Experimental investigations into the rocking response of graphite-block assemblies in a HTGR core under horizontal earthquake shaking

This paper presents earthquake simulator experiments of graphite block assemblies that are representative of the core of a horizontal compact high temperature gas reactor (HC-HTGR). The reactor core consists of vertically stacked prismatic graphite blocks, connected via shear keys. The columns of blocks are separated by finite gaps in both the transverse and longitudinal directions to accommodate fabrication and installation tolerances, and swelling of graphite. The dynamic response of the graphite core is governed by a combination of factors, including rigid body rocking of blocks, friction and clearances within shear keys, kinematic constraints, design and manufacturing tolerances, uplift and disengagement, and impacts between adjacent columns of blocks. Characterizing these effects involves: (a) understanding the rocking dynamics of standalone columns of blocks without considerations of impact, which is the focus of this paper, and (b) evaluating the impact dynamics between closely spaced columns.
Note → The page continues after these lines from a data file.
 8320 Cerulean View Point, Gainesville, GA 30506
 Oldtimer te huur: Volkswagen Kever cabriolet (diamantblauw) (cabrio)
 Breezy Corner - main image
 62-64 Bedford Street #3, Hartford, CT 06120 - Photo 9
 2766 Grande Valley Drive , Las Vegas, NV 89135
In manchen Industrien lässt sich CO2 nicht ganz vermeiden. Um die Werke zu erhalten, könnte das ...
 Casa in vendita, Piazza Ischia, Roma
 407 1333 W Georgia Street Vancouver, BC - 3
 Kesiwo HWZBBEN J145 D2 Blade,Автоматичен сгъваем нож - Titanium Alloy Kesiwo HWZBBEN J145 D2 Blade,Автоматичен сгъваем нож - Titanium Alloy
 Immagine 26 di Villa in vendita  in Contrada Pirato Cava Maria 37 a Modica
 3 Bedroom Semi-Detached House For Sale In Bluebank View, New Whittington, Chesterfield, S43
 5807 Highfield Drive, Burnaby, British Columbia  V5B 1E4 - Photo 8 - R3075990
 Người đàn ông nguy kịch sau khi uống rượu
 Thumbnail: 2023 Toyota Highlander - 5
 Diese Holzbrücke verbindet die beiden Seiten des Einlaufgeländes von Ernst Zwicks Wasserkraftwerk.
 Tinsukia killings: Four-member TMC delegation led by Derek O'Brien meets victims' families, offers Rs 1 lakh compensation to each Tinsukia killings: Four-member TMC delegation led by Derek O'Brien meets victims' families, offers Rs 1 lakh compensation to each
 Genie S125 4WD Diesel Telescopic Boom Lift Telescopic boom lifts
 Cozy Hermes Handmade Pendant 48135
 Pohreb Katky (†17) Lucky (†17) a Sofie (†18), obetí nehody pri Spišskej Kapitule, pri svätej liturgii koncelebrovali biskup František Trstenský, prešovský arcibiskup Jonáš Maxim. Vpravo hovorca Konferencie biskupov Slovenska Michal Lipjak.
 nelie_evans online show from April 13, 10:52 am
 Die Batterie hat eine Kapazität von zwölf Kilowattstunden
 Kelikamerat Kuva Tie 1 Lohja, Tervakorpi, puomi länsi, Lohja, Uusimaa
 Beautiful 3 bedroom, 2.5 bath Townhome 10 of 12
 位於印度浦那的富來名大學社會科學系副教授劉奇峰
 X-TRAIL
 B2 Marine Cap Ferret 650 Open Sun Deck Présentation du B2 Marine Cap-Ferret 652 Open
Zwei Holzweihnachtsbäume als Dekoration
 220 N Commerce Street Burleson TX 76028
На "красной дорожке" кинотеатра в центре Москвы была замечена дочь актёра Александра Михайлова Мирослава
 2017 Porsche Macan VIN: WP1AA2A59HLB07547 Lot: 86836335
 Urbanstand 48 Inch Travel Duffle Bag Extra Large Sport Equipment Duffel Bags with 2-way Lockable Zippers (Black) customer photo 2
This paper presents results of and observations from a series of vibration and seismic experiments conducted at the University at Buffalo. The tests include quasi-static loading to evaluate rocking initiation and progression across various block interfaces, harmonic excitation to assess frequency-dependent rocking behavior of standalone columns of blocks, free vibration measurements to investigate oscillatory and damping characteristics across varying column geometries (e.g., stack height, rocking axis), and seismic simulations of individual columns and as well as 2D wall assemblies using representative ground motions. Rigid-body responses of the blocks were measured using a high-precision optical tracking system, generating data that provide valuable insights into their dynamic (and rocking) characteristics, and a robust technical basis to support the development and validation of numerical models.